## [Task instructions]
Among the entries below, only the lines from the one with "Watercolor seamless pattern" through the one with "Motorcycle Helmet Bluetooth" are to be retyped, exactly and without pictures.

## [Input records]
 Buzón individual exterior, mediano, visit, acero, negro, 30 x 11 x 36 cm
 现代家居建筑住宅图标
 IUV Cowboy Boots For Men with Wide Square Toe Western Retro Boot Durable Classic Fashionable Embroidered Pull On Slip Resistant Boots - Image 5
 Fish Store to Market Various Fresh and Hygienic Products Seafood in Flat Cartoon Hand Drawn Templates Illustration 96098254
* * *
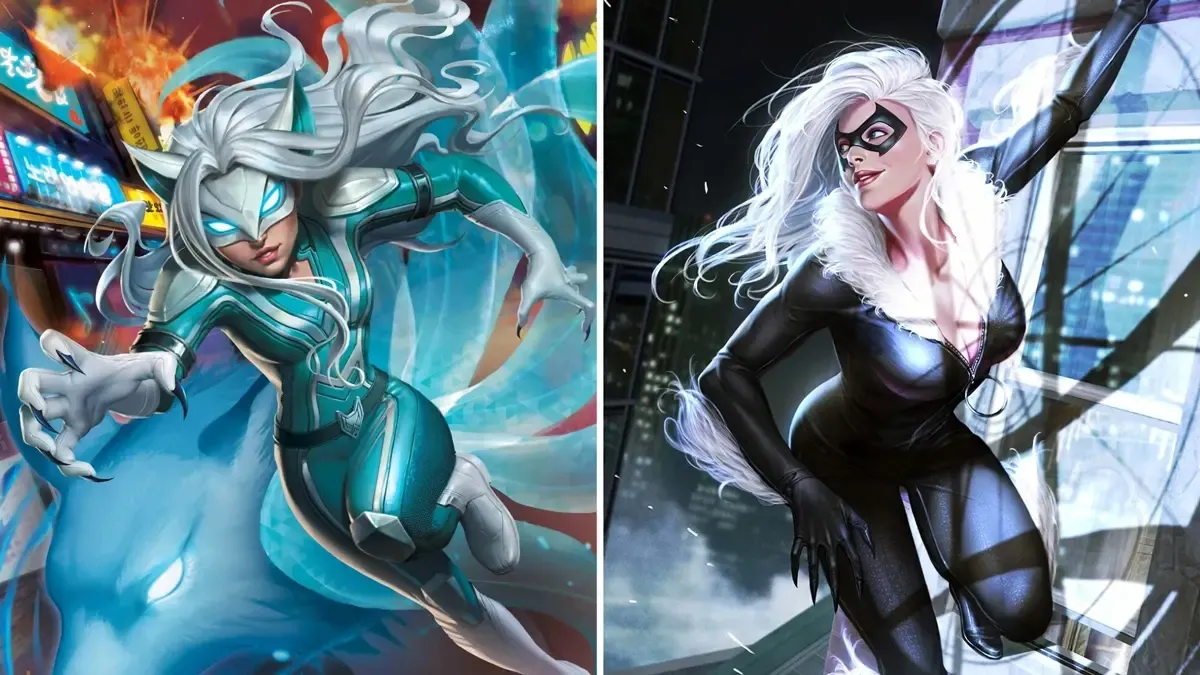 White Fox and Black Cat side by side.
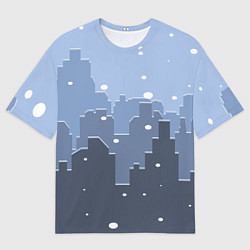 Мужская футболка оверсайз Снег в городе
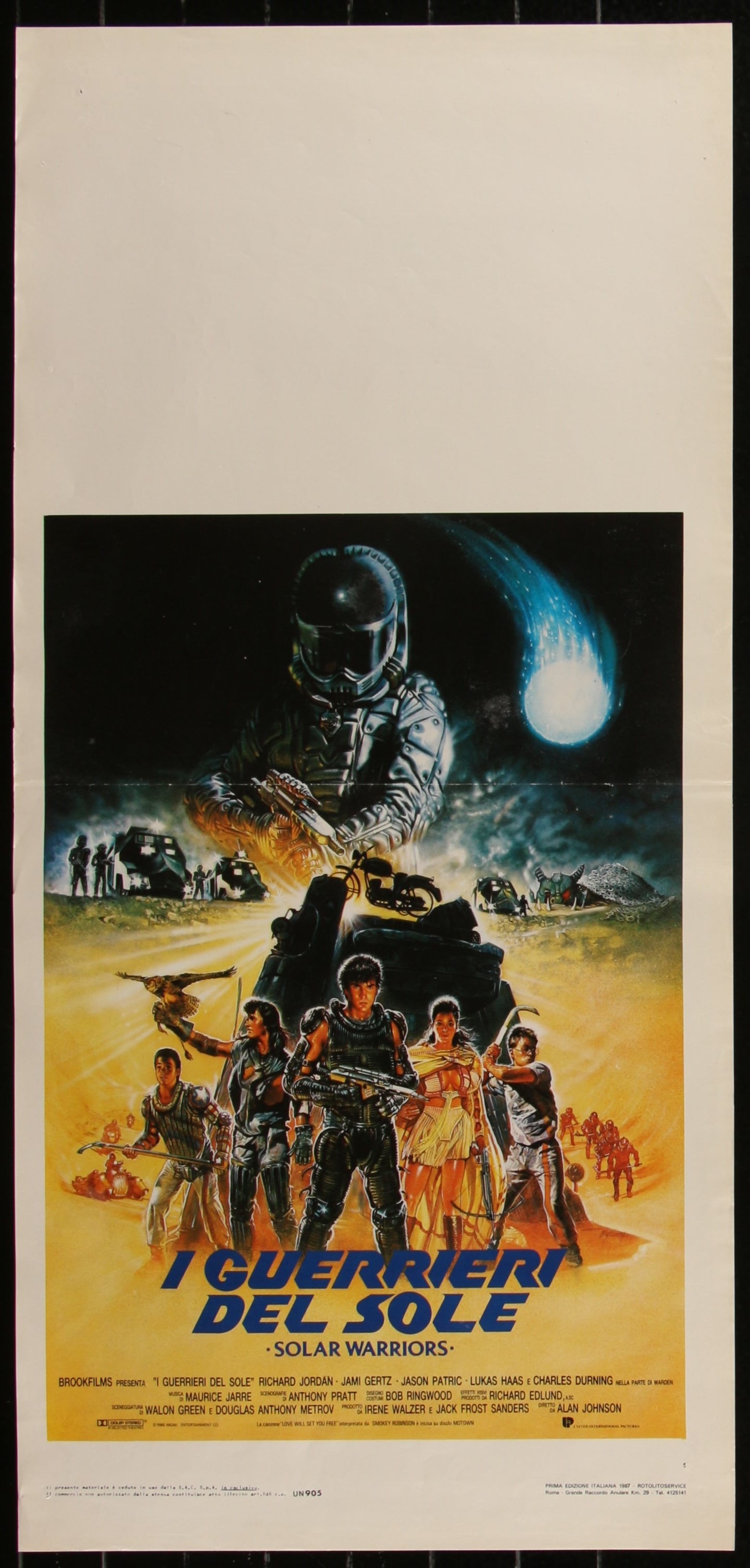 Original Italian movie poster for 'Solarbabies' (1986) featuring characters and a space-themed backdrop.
==
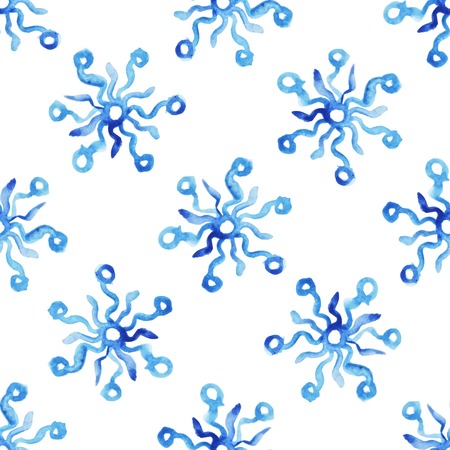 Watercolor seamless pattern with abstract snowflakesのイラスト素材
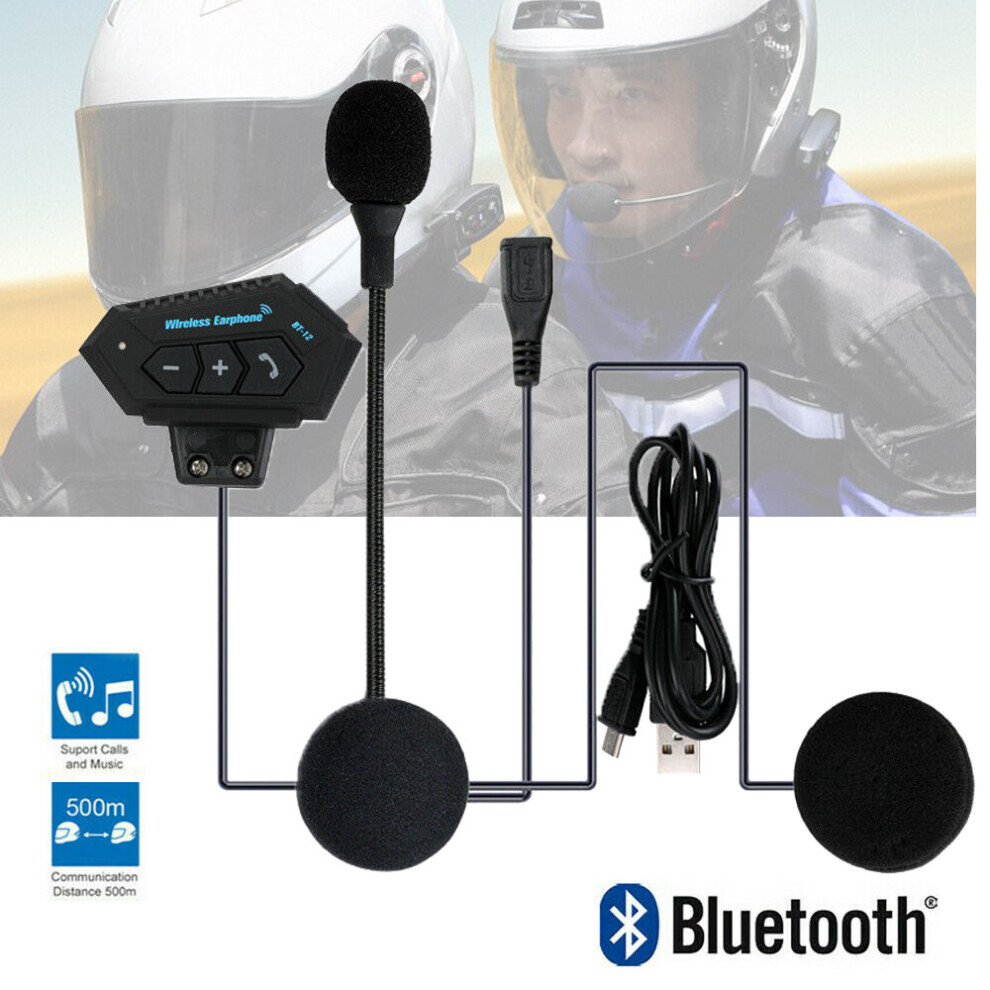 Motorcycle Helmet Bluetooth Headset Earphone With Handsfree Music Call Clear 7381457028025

## [Response to this task]
 Watercolor seamless pattern with abstract snowflakesのイラスト素材
 Motorcycle Helmet Bluetooth Headset Earphone With Handsfree Music Call Clear 7381457028025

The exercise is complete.